I'm sitting at a light, I start to go, and I stalled my 500 (or so it seems). Now I may be a youngin', but I haven't stalled a manual transmission in a very very long time, and when I do, I usually realise what I did wrong (letting out the clutch too fast). This didn't feel like I did anything wrong, but it died after trying to get er moving at a red light, so I figured it was a stall. Tried to start it again, nothing.

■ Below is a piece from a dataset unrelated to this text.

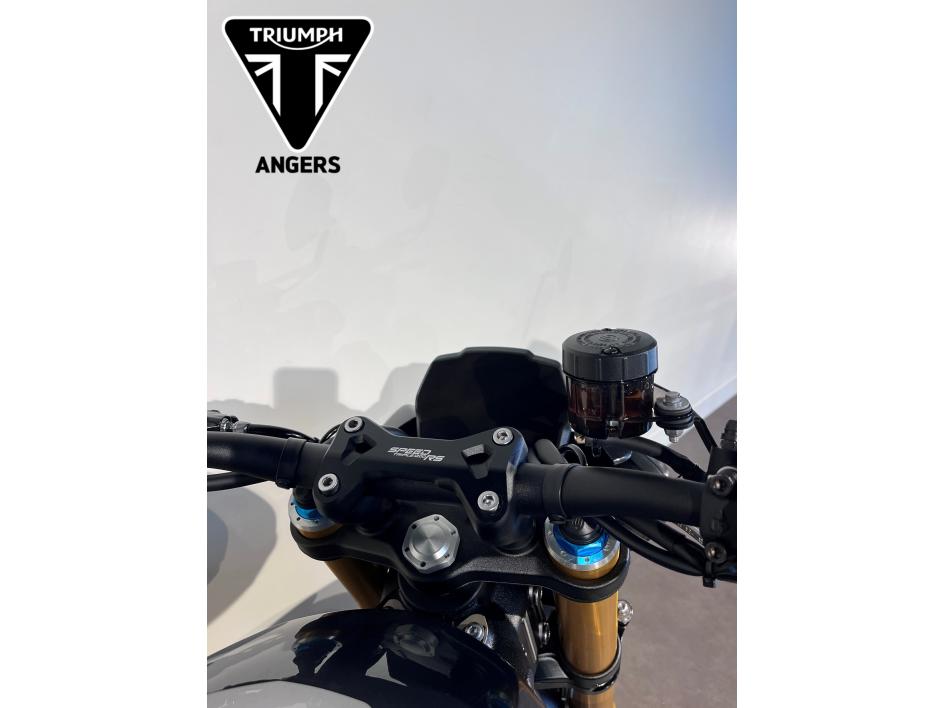 TRIUMPH SPEED TRIPLE 1200 RS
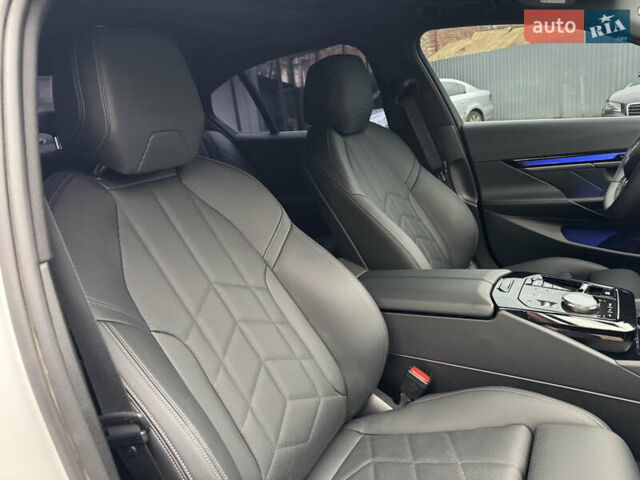 Білий БМВ i5, об'ємом двигуна 0 л та пробігом 10 тис. км за 57000 $, фото 19 на Automoto.ua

I keep trying to start it. No "whirr whirr whirr whirr" noise of the engine trying to turn over. Just a very faint "click" noise that you could only hear if you had your head in the hood while someone else tried to start it. The brake pedal also got stuck down in the depressed position. I was trying to roll the car off to the right hand lane, and realised I had to use the emerg brake to stop it (I'm aware there was no power steering or brakes, but it wasn't that, the brake pedal was stuck down). Now my dad tells me that is normal given the circumstances - something about vacuum pressure in the pedal. I also learned that tow truck companies refuse to tow a Fiat 500 - they said they'd have to send a special flatbed truck over 2 hours away for it, because it's so small, something about road clearance.

Well after 30 minutes of waiting and 100 tries at the ignition later, I tried one more time, and it started, no problem. The only thing unusual about the start was more smoke than usual came out of the exhaust, and it stank. It stank like a 30 year old truck starting up and spewing out black smoke (although this was grey/white smoke), but then it cleared up, and I managed to drive it all the way home without troubles.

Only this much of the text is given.